96

I have the following schema:

CREATE TABLE author (
    id   integer
  , name varchar(255)
);
CREATE TABLE book (
    id        integer
  , author_id integer
  , title     varchar(255)
  , rating    integer
);

And I want each author with its last book:

SELECT book.id, author.id, author.name, book.title as last_book
FROM author
JOIN book book ON book.author_id = author.id

GROUP BY author.id
ORDER BY book.id ASC

Apparently you can do that in mysql: Join two tables in MySQL, returning just one row from the second table.

But postgres gives this error:

ERROR: column "book.id" must appear in the GROUP BY clause or be used in an aggregate function: SELECT book.id, author.id, author.name, book.title as last_book FROM author JOIN book book ON book.author_id = author.id GROUP BY author.id ORDER BY book.id ASC

It's because:

When GROUP BY is present, it is not valid for the SELECT list expressions to refer to ungrouped columns except within aggregate functions, since there would be more than one possible value to return for an ungrouped column.

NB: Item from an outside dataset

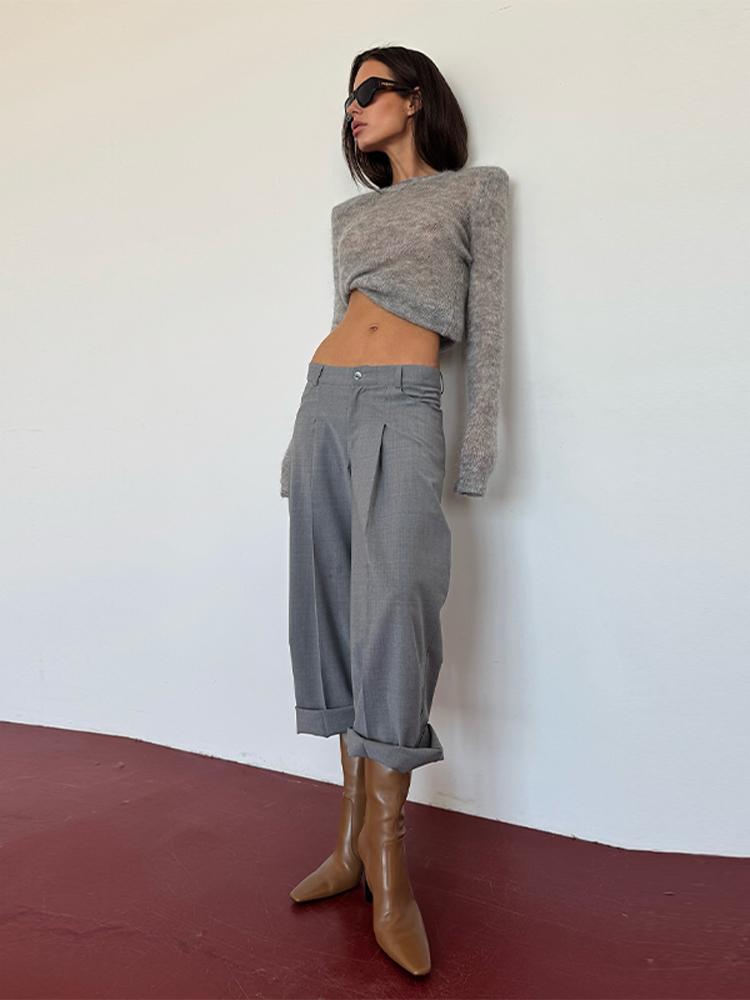 Women's Short Hollow Shoulder Pad Knitted Sweater Women's Round Neck Thin Pullover Sweater White Black Grey Sweater Pullover 2025 New Collection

How can I specify to postgres: "Give me only the last row, when ordered by joined_table.id, in the joined table ?"


Edit: With this data:

INSERT INTO author (id, name) VALUES
  (1, 'Bob')
, (2, 'David')
, (3, 'John');

INSERT INTO book (id, author_id, title, rating) VALUES
  (1, 1, '1st book from bob', 5)
, (2, 1, '2nd book from bob', 6)
, (3, 1, '3rd book from bob', 7)
, (4, 2, '1st book from David', 6)
, (5, 2, '2nd book from David', 6);

I should see:

book_id author_id name    last_book
3       1         "Bob"   "3rd book from bob"
5       2         "David" "2nd book from David"
Benjamin Crouzier
  • 40,265
  • 44
  • 171
  • 236

7 Answers7

125
select distinct on (author.id)
    book.id, author.id, author.name, book.title as last_book
from
    author
    inner join
    book on book.author_id = author.id
order by author.id, book.id desc

Check distinct on

SELECT DISTINCT ON ( expression [, ...] ) keeps only the first row of each set of rows where the given expressions evaluate to equal. The DISTINCT ON expressions are interpreted using the same rules as for ORDER BY (see above). Note that the "first row" of each set is unpredictable unless ORDER BY is used to ensure that the desired row appears first.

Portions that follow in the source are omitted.